[Listed records]
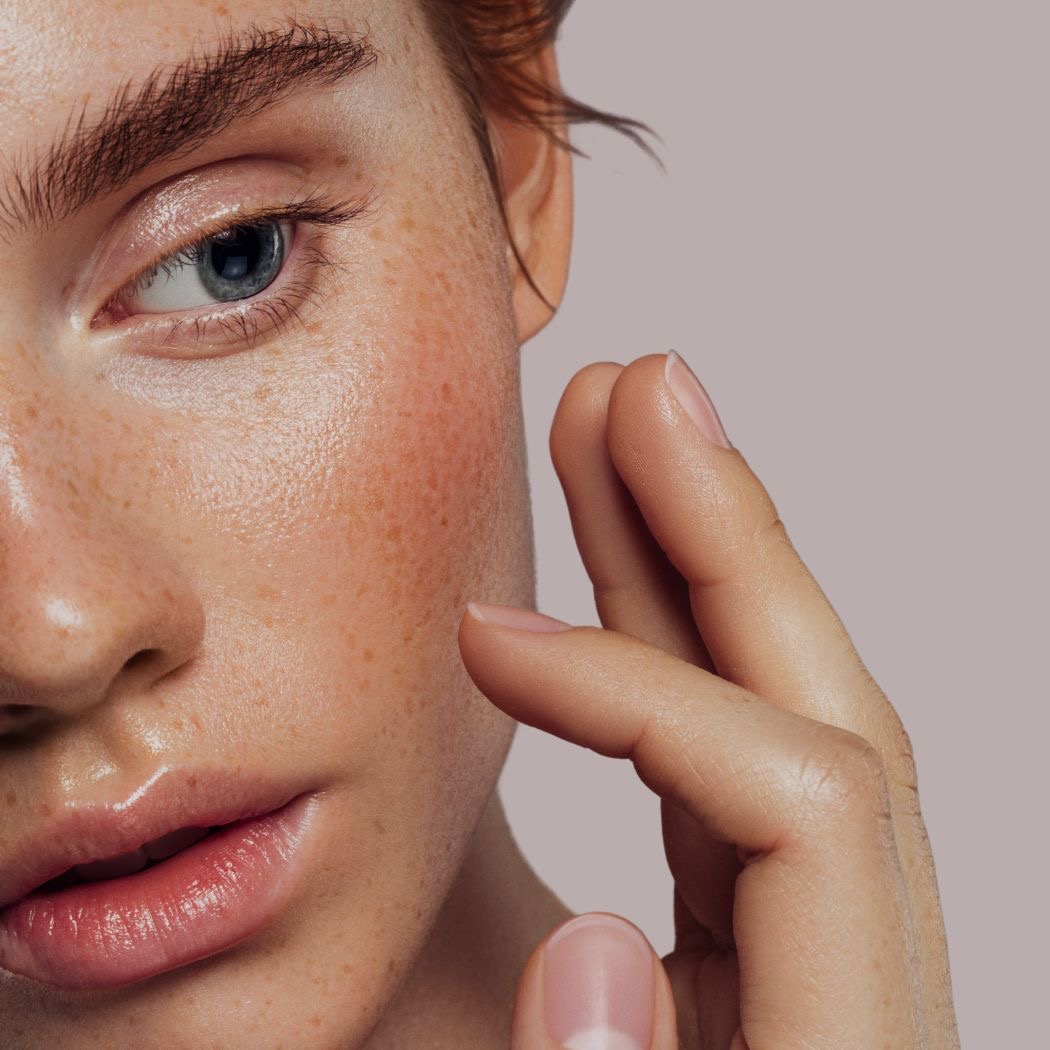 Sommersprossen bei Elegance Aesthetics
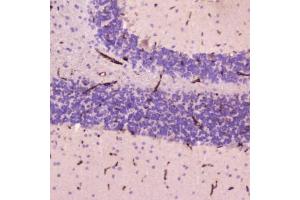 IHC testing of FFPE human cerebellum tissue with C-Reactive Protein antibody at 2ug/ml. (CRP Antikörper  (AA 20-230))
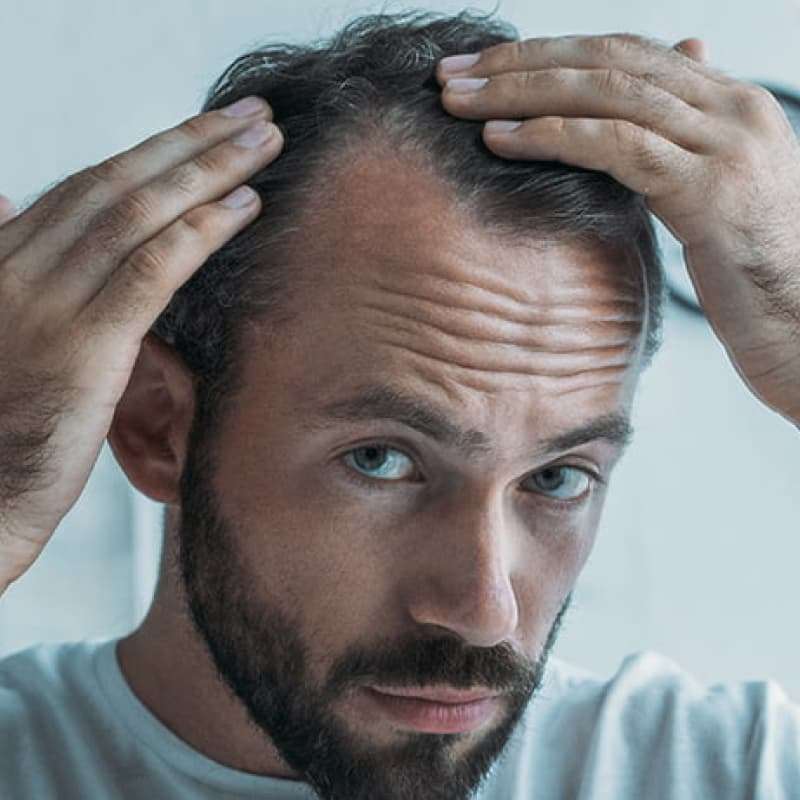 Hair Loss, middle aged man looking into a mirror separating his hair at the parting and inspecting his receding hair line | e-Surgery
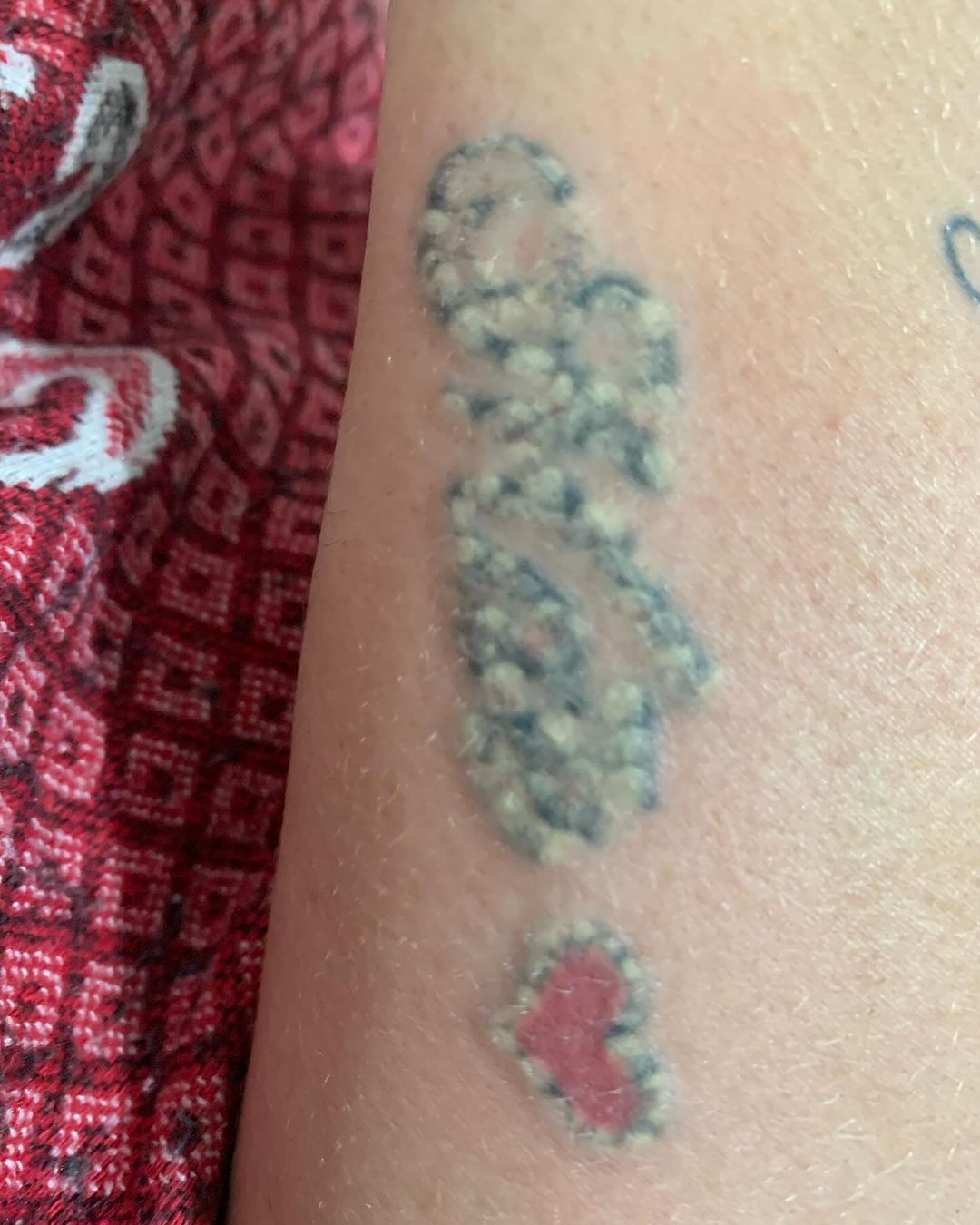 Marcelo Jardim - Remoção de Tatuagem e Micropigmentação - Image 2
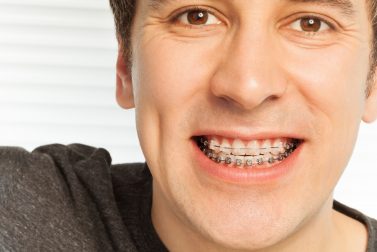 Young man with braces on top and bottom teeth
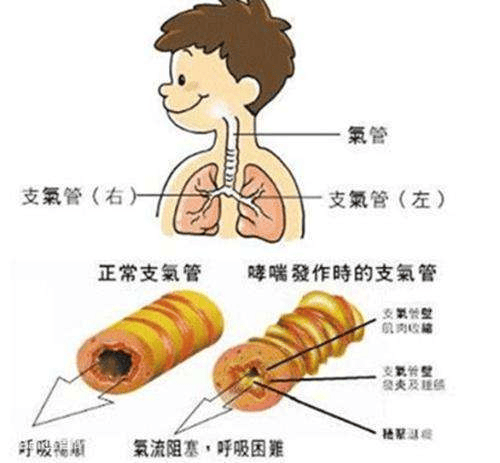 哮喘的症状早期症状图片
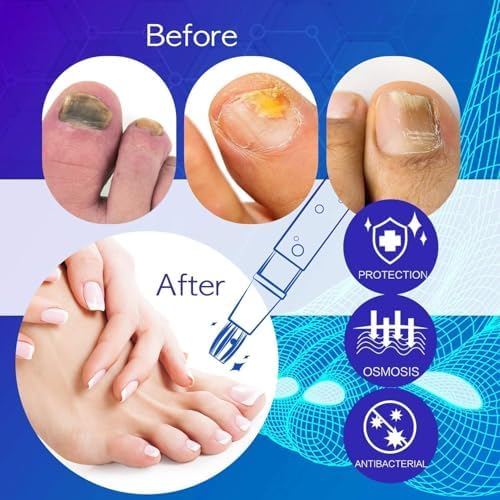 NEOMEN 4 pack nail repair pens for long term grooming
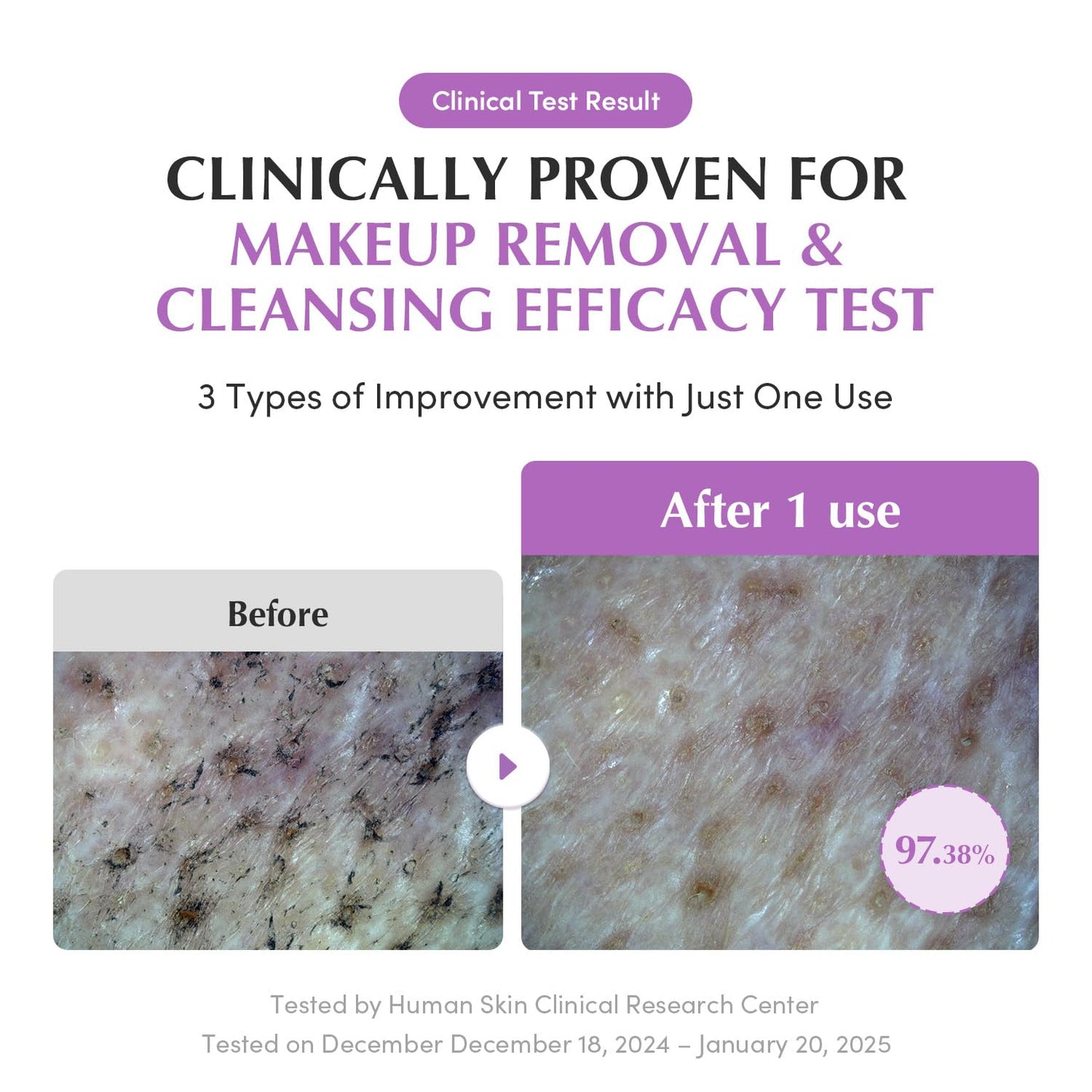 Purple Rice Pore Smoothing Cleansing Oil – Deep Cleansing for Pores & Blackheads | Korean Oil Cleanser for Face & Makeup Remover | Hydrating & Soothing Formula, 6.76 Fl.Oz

[What the exercise asks] Give the records again without a single change, and exclude the pictures.

[Completed task]
 Sommersprossen bei Elegance Aesthetics
 IHC testing of FFPE human cerebellum tissue with C-Reactive Protein antibody at 2ug/ml. (CRP Antikörper  (AA 20-230))
 Hair Loss, middle aged man looking into a mirror separating his hair at the parting and inspecting his receding hair line | e-Surgery
 Marcelo Jardim - Remoção de Tatuagem e Micropigmentação - Image 2
 Young man with braces on top and bottom teeth
 哮喘的症状早期症状图片
 NEOMEN 4 pack nail repair pens for long term grooming
 Purple Rice Pore Smoothing Cleansing Oil – Deep Cleansing for Pores & Blackheads | Korean Oil Cleanser for Face & Makeup Remover | Hydrating & Soothing Formula, 6.76 Fl.Oz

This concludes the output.